Malgré la déprime économique dans plusieurs pays, le tourisme croît à un rythme surprenant dans le monde, éclipsant plusieurs autres industries. Et tout le monde fait les yeux doux aux Chinois, en particulier, les nouveaux big spenders de la planète touristique.

L'été est derrière nous, et on rapporte une affluence touristique record dans plusieurs pays, notamment en Grèce et en Espagne. En fait, très peu d'industries connaissent une croissance aussi rapide que le tourisme malgré une économie morose dans plusieurs régions.

Selon l'Organisation mondiale du tourisme (OMT), les arrivées de touristes internationaux - dans tous les pays - ont augmenté de 5% au premier semestre (variation annuelle) pour approcher les 500 millions. Un sommet. Les flux touristiques augmentent même plus vite que ne l'avait escompté l'OMT, qui tablait sur une croissance de 3 à 4% cette année.

Même si la conjoncture économique demeure contrastée sur la planète, toutes les régions affichent des résultats positifs. Faisant fi de la morosité, l'Europe (+5%) a mieux fait que prévu. La région Asie-Pacifique (+6%) dépasse aussi les espérances. En revanche, les résultats sont un peu décevants dans les Amériques (+2%).

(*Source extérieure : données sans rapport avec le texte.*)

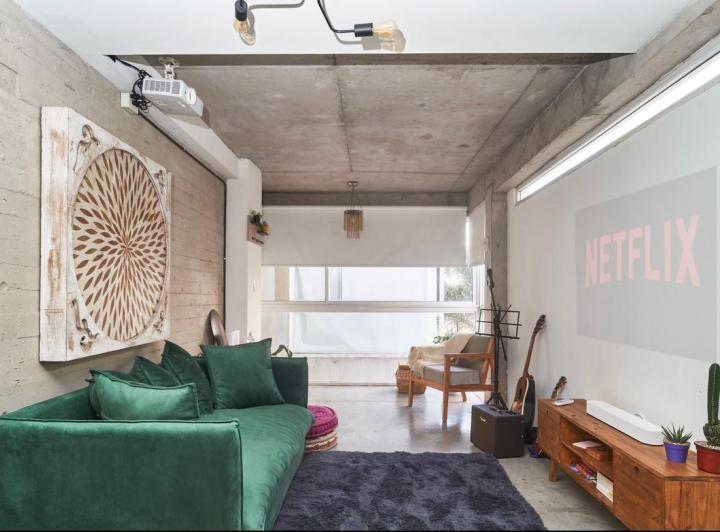Departamento · 46m² · 1 Ambiente · 1 Cochera
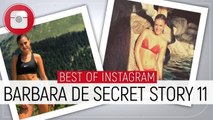 Sport extrème, amour pour Paris et bikinis sexy... Best-of Instagram de Barbara de Secret Story 11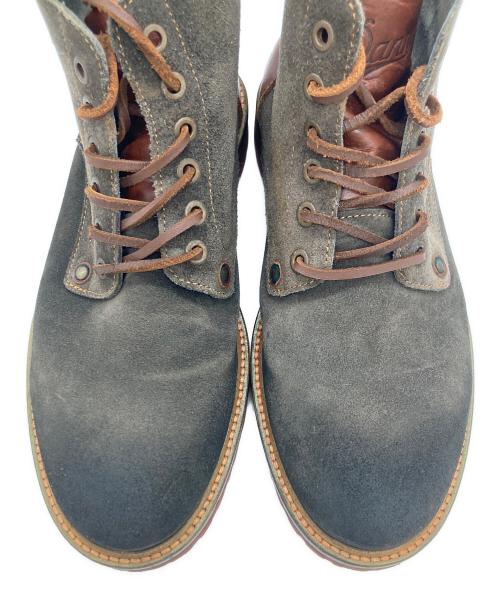 Danner（ダナー）Danner (ダナー) スウェード切替ブーツ ブラウン サイズ:25.5ｃｍの古着・服飾アイテム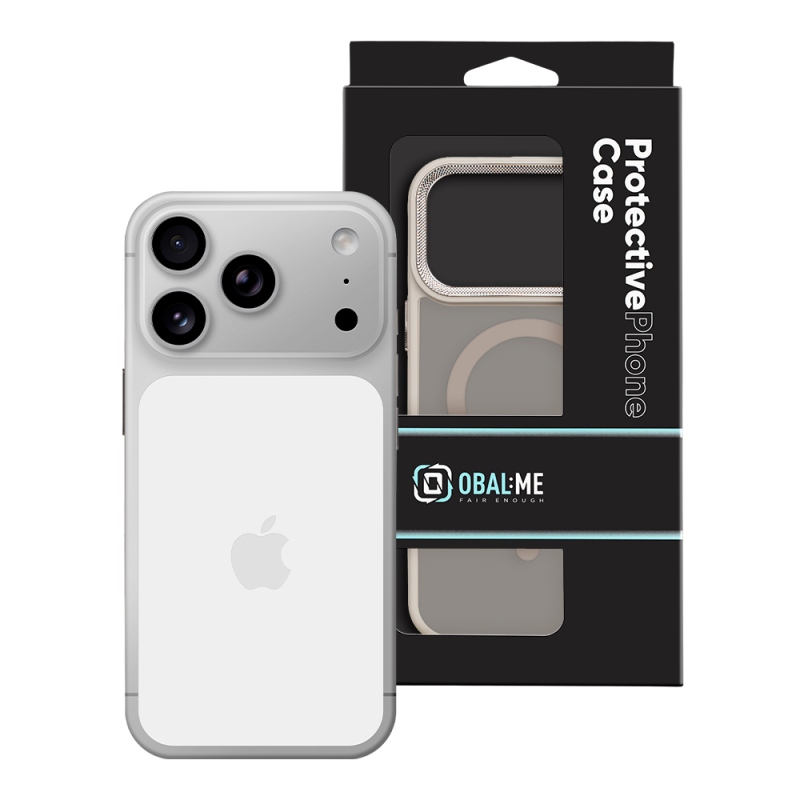 OBAL:ME MagNetix Lumen Puzdro pre Apple iPhone 18 Pro Max/17 Pro Max Graphite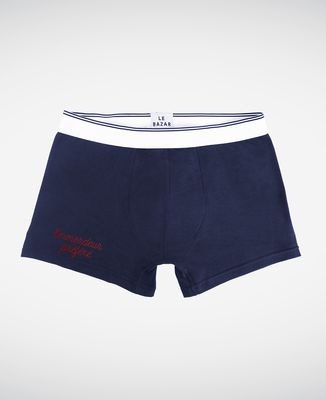 Boxer Emmerdeur préféré brodé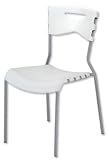 Influx Tria Chair Back H400 W430xD400xH470mm White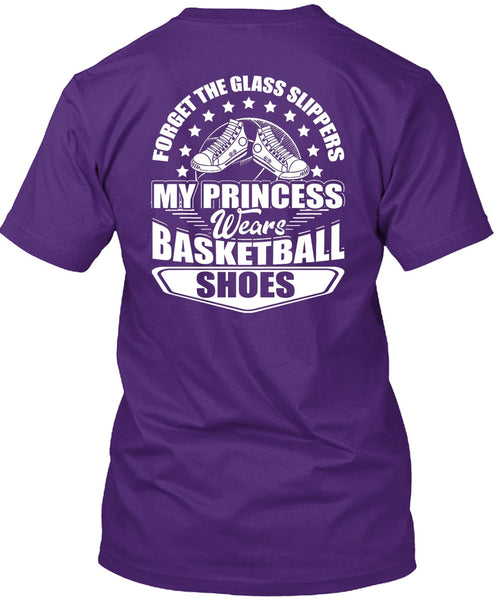 My Princess Wears Basketball Shoes T Shirt, Being A Basketball Coach T Shirt
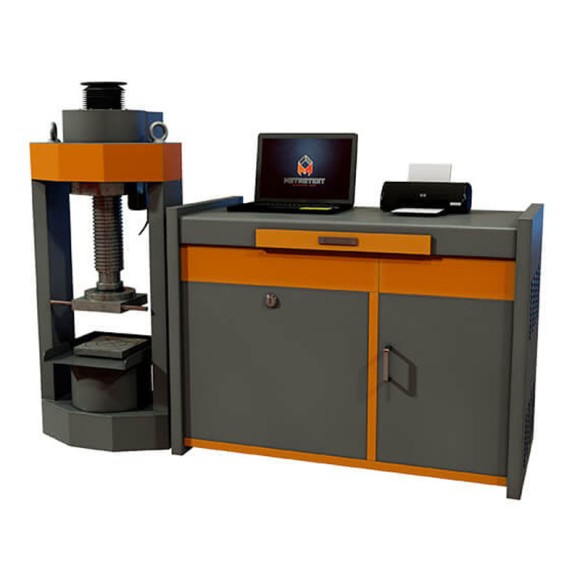 Испытательные прессы ПИ-V-А (с автоматическим управлением) 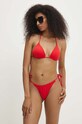 Answear Lab biustonosz kąpielowy bez fiszbinów czerwony S9004.HWK
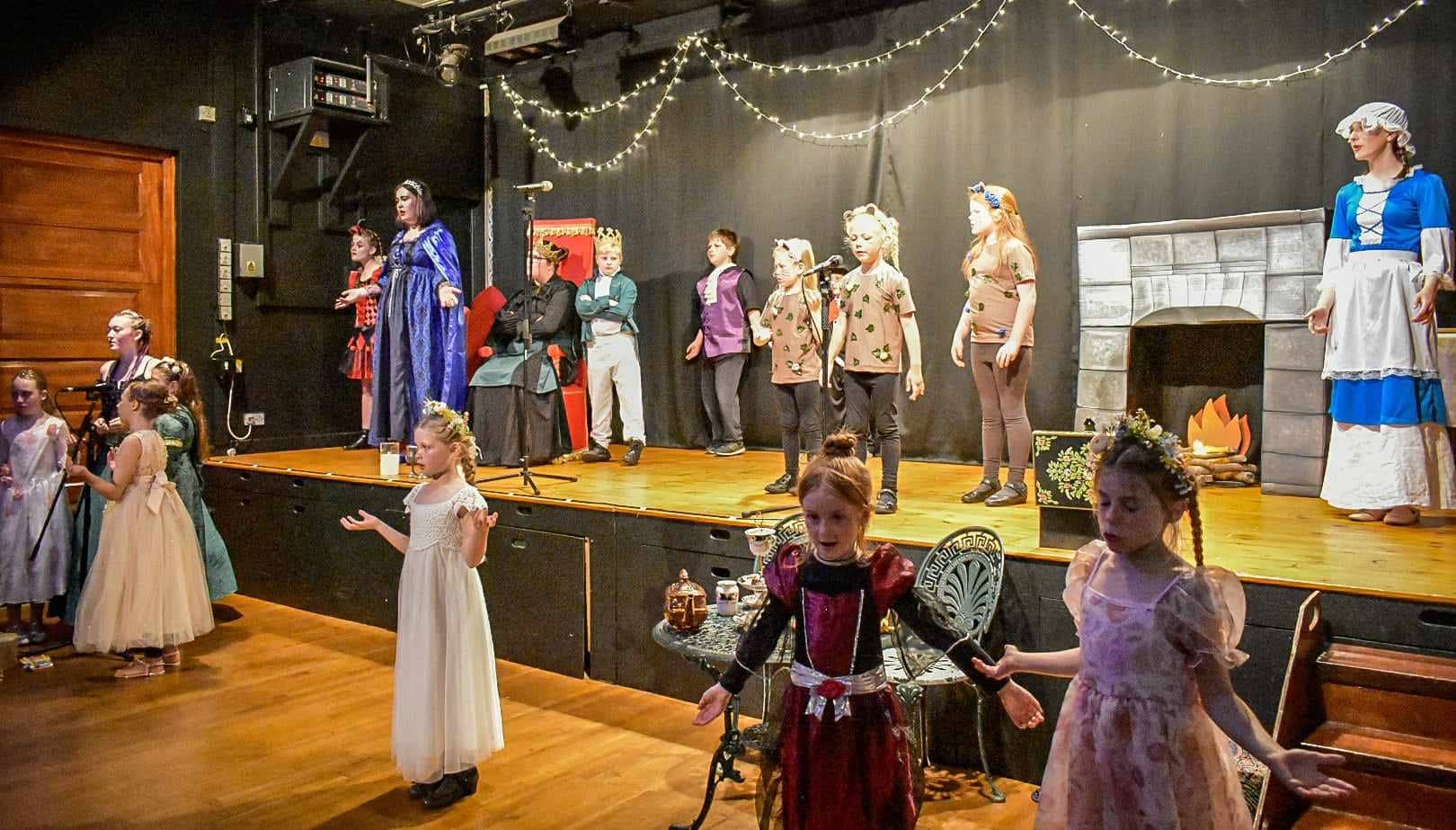 Empower: a Cinderella Story, Show in July 2023 in Callington Town Hall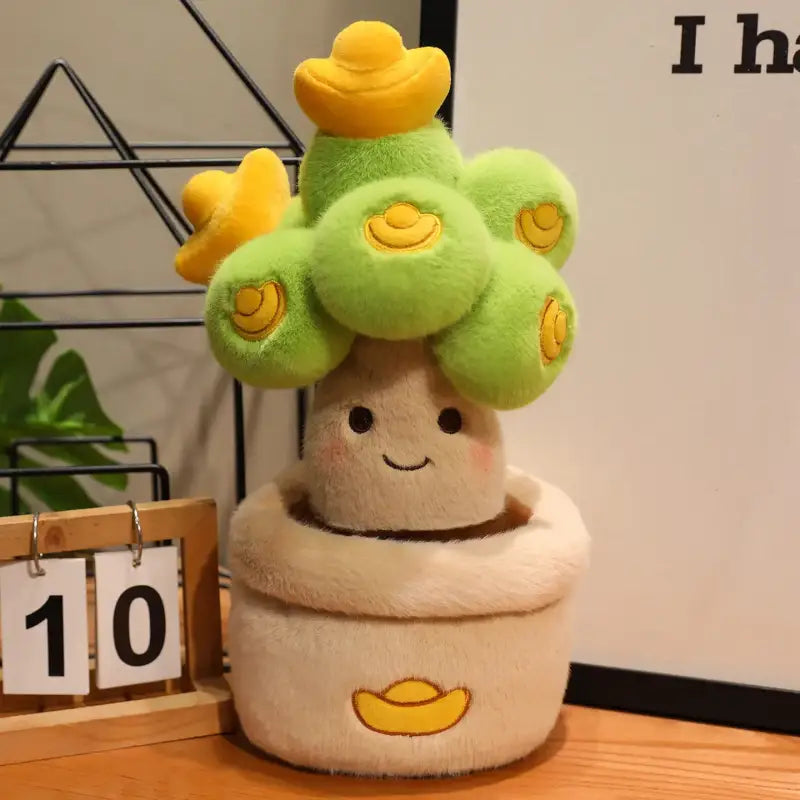 arbre peluche
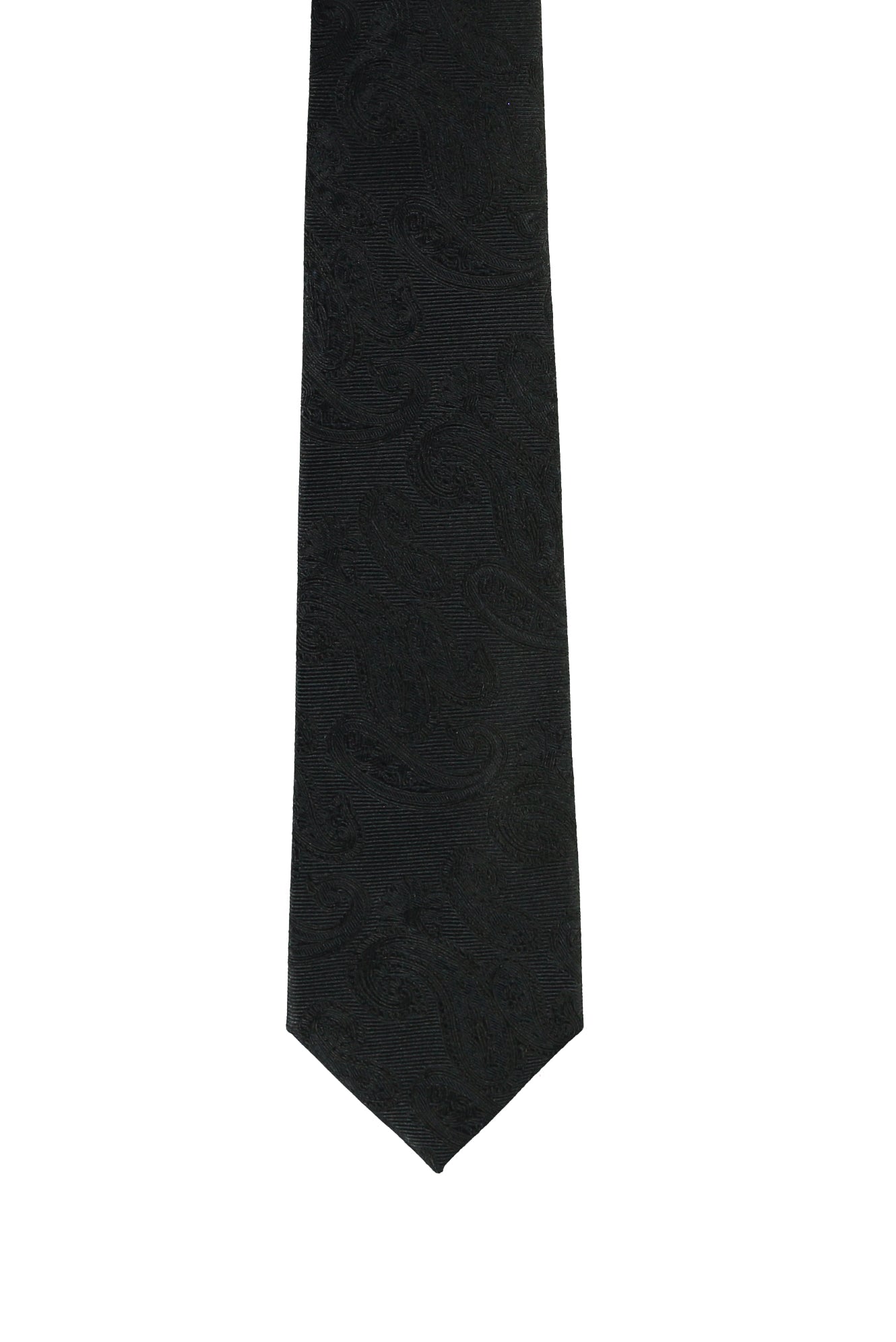 Siyah Desenli Kravat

Au chapitre des dépenses, les touristes internationaux affichent une étonnante vigueur, surtout ceux des économies émergentes qui fournissent les plus fortes progressions. Or, les touristes chinois font saliver le milieu touristique, avec une hausse spectaculaire de leurs dépenses de 31% au premier semestre.

Une manne

Aux États-Unis, on n'en revient pas: non seulement l'affluence de visiteurs est-elle à la hausse - +6,4% au premier trimestre, selon les chiffres officiels -, mais encore ceux qui viennent dépensent plus que jamais. Les Chinois en particulier.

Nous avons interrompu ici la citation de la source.